L’un des principaux objectifs du projet Gnome au cours de ces dernières années a été de rendre autonomes les développeurs d’applications. L’une des principales raisons de cette refonte est que nous nous sommes rendu compte que le style actuel nous tire vers l’arrière en tant qu’écosystème. Tout comme Builder consiste à fournir un flux de travail de développement transparent, et Flatpak à permettre une distribution directe des applications, ce changement de design vise à rendre plus accessibles à un plus grand nombre d’applications les belles icônes .

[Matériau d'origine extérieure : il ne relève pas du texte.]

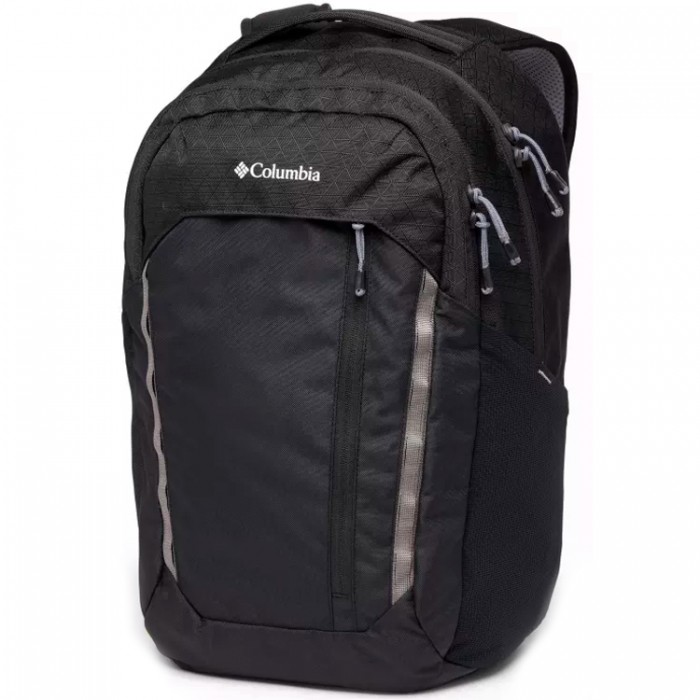 Рюкзак Columbia Atlas Explorer II 26L Backpack 2094381-010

Pour que ce nouveau design des icônes soit plus incitatif pour les créateurs de logiciels, Jakub Steiner introduit aussi une nouvelle application appelée Icon Preview, créée par Zander Brown, qui vise à rendre le flux de conception d’icônes plus rapide et plus fluide en permettant de démarrer rapidement à partir d’un modèle, et de prévisualiser au fur et à mesure le rendu dans différents contextes. Le logiciel permettra également, dans une prochaine version, d’exporter directement les icônes au format SVG pour les utiliser dans les applications.

Le bureau de Gnome 3.32

La réponse au billet de blog de Jakub Steiner que je trouve la plus élaborée et la plus intéressante, en terme de réflexion sur les icônes dans le dispositif UI/UX, est un long billet de Cassidy James Blaede, l’un des développeurs de la distribution GNU/Linux elementary OS, ami de Jakub Steiner, et à qui ce dernier a demandé son opinion.

Un des échanges que j’ai particulièrement noté concerne l’un des arguments de Jakub en faveur de l’abandon par Gnome du hinting, à savoir le dessin différent de chaque icône en fonction de son contexte d’utilisation : Gnome n’a en fait jamais utilisé toutes les tailles d’icônes imposées par la charte graphique de Tango. Pour Jakub, c’est une bonne raison pour abandonner.

Cassidy James fait remarquer que, contrairement à Gnome, elementary OS a conçu son interface justement pour et sur une utilisation précise et intensive des icônes en fonction de leur taille : 16px pour les menus, 24px pour les sous-menus popovers, 48px pour le dock, etc. Jusqu’au support des écrans haute-résolution (HiDPI) avec une taille doublée à l’affichage.

Alors que nous pourrions réduire le nombre de tailles [d’icône] utilisées dans l’OS, chacune de ces tailles est mûrement réfléchie en fonction du contexte : par exemple, 16px semble un peu trop petit dans les popovers, mais 24px est un peu trop grand dans les menus contextuels. En nous assurant que toutes les icônes d’applications elementary OS et les icônes des applications de tierces parties sont fournies dans chacune de ces tailles, nous pouvons être plus flexibles et créatifs dans notre conception, et nous assurer que les icônes sont toujours aussi nettes et s’affichent le plus parfaitement possible dans chaque situation.

Pour Cassidy James, qui regrette l’abandon du concept de perfection au pixels près, le problème de Gnome vient plutôt du style Tango lui-même, basé sur une modélisation 3D hyper-réaliste, trop complexe au niveau de la création graphique, et qui produit au final de « jolies images », mais qui ne sont pas toujours convaincantes en tant qu’icônes. Ce qui a d’autant plus compliqué la tâche de l’équipe de design de Gnome qui a pris pendant des années à sa charge la création d’icônes pour de nombreuses applications tierces, avec l’objectif de préserver ainsi une certaine cohérence de l’interface globale… Mais au prix de ne pas, ou peu, avoir fait évoluer Tango lui-même.

Sur ce point Jakub Steiner et Cassidy James Blaede s’accordent pour considérer que c’est désormais aux concepteurs et conceptrices d’applications de faire l’effort de s’intégrer aux environnement graphique sur lesquels celles-ci sont proposées. Ce que doit favoriser une charte graphique (Human Interface Guidelines) qui combine une certaine commodité de réalisation avec une rigueur plus grande et plus stricte quant aux règles de design global. Ce que le dispositif autour de Tango n’a jamais possédé.